There ends the tale and that is why, thousands of years later, I found myself on a dusty carpet, trying to mimic the moves of the delicate but feisty Nepali girl in front of me. The reality was stiffly swaying hips out of time to scratchy songs of high-pitched voices and great percussions of drums and string, wiggling and knotting my arms and fingers.

Sitting down after the song – to applause of sorts – I avoided looking at Prem or Mummy, cringing from the intimacy forced upon me. While I was thousands of miles from home, this was just like being at any family party and I, emotionally uncomfortable, was unavoidably me.

Many of the women around the room declined to dance, reticent and giggling. The children sporadically threw themselves across the carpet, then threw themselves onto a chair with sudden self-awareness and the men took control, one pocketing the remote for the stereo, claiming DJ position. And later, when the men were cajoled, pleaded, incited to dance, the room was full of disturbing South Asian displays of ‘dad dancing’.

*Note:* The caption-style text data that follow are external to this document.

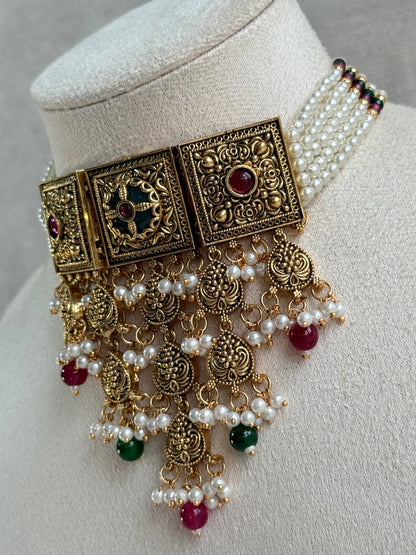 Ayura Designs Samera Choker Set with Earrings & Tikka – Rani Pink & Emerald Green Beads, Pearl Detailing, Green Centre Stone, Floral Motifs & Antique Gold Finish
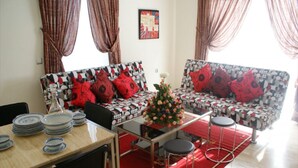 A living room with two patterned sofas, a coffee table, a dining table with plates, and a red rug. - Residence Appart Hotel Founty Beach 5142 (Agadir)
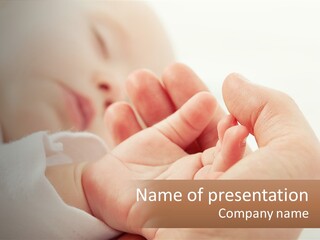 A Person Holding A Baby In Their Hands PowerPoint Template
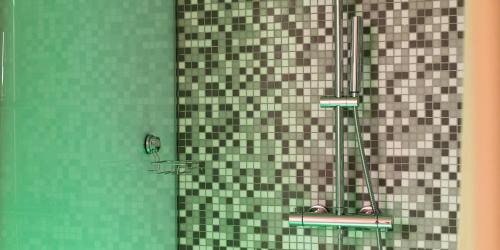 a bathroom with a shower with green and brown tiles at Hotel The Cube in Fidenza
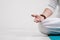 Concept of yoga and meditation. Close-up, hands of a man in white clothes, folded in prayer. White background and yellow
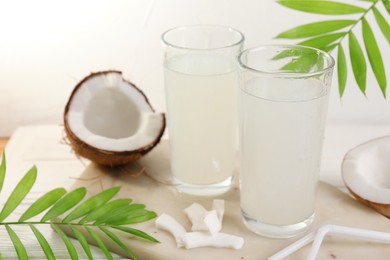 Photo of Glasses of coconut water, palm leaves and nuts on white table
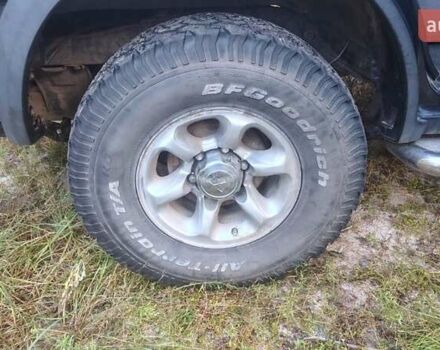 Черный Опель Фронтера, объемом двигателя 2.4 л и пробегом 319 тыс. км за 4300 $, фото 4 на Automoto.ua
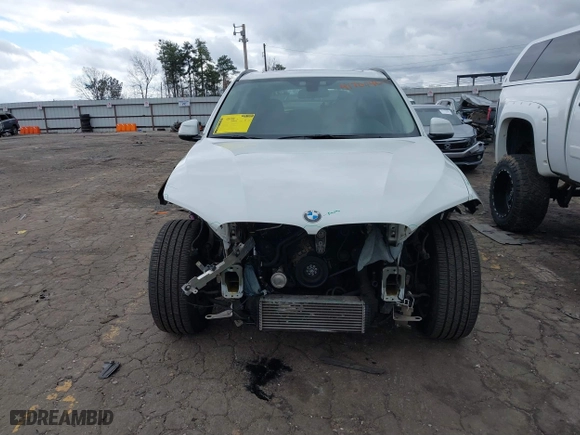 2015 BMW X5 sDrive35i with VIN 5UXKR2C54F0H34975, listed as a IAAI auction lot 41704467 with 92,006 mi miles. Bid and sale history available at carsss.com. Image 12.
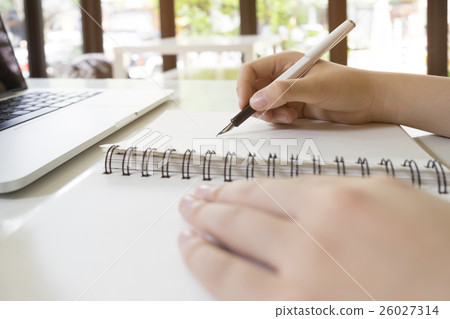 Woman reading book in library. Woman reading book in library. 26027314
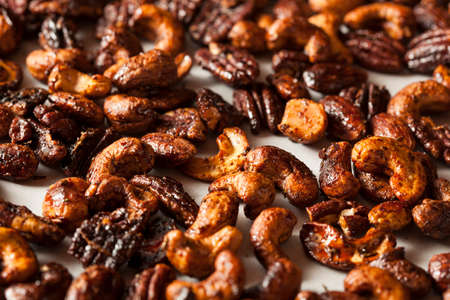 Brown Candied Caramelized Nuts with Cinnamon and Spicesの写真素材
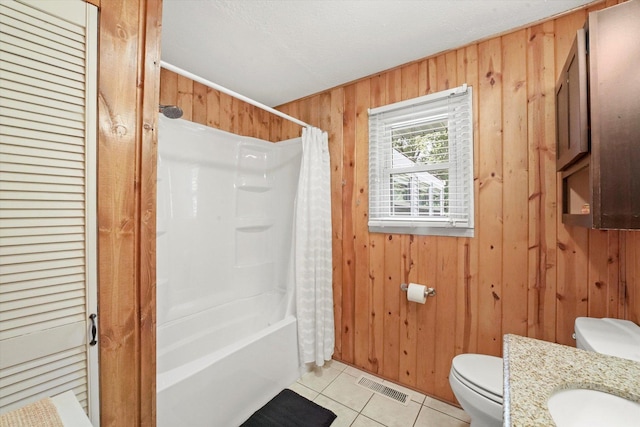 2425 Lockner Blvd, Joliet, IL 60431 - bathroom featuring wood walls, tile patterned flooring, shower / tub combo, and vanity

No party would be complete without the spectre of social embarrassment. Getting up to dance for a second time, he followed me. Trying desperately to copy the hand-pumping, spinning example from the beautiful dancing girl, I smashed my armful of plastic Teej bracelets together (thinking that was what I was to do with them). One immediately shattered across the floor and while I was about to shrug, I saw the looks of horror on the faces lining the walls, followed by frantic scurrying to find the pieces. I reddened from the inside, completely Teej-ed.

That was not enough, he would not let me be. The third time, my arms flailing, I hit a woman and a child, in two separate moves.

Time to sit down.

When I finally made my bed, full of rice pudding and daal, I thought of how even with different clothes, beliefs, dress, music, a family party in Nepal and one in England was not so much different. The reason was different (I am not sure I would welcome a man-celebrating festival in the UK) but the humans were the same. The only absence was alcohol. And, while I am a confirmed lover of wine, this could only be a good thing.